> **RECORDS FOR PROCESSING**:
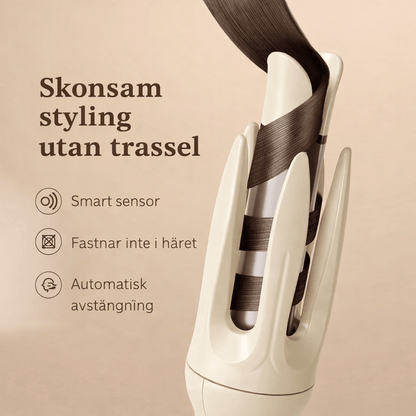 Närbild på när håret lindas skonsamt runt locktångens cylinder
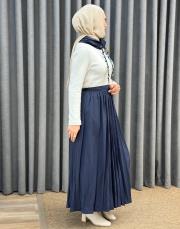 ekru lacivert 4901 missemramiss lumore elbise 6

...

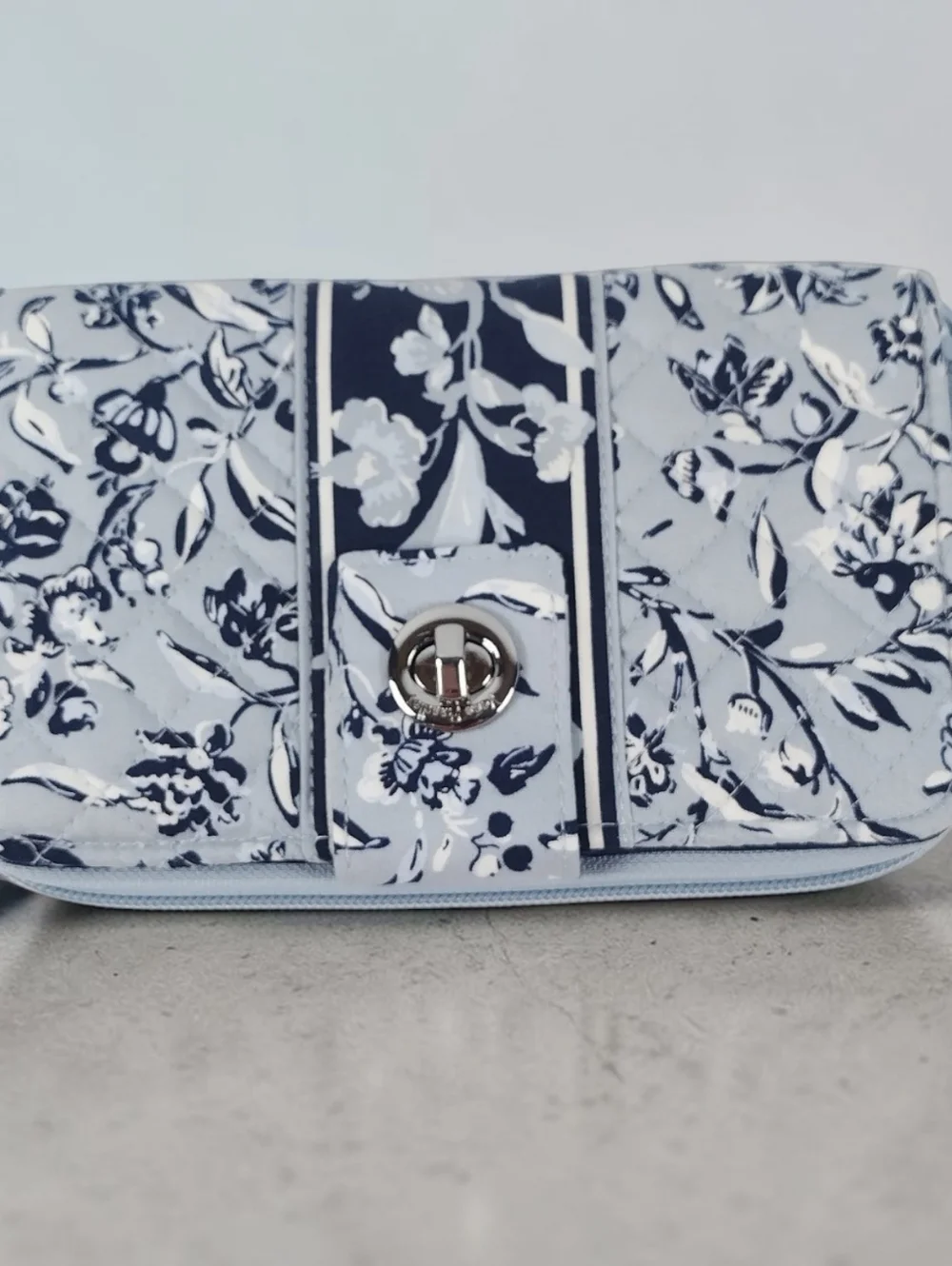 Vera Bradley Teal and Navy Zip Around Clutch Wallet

> **WHAT THE EXERCISE ASKS**:
Given the listing above, retype only the span of lines from the line with "Närbild på när" up to and including the line with "ekru lacivert 4901", exactly as it stands and without pictures.

> **ANSWER SECTION**:
 Närbild på när håret lindas skonsamt runt locktångens cylinder
 ekru lacivert 4901 missemramiss lumore elbise 6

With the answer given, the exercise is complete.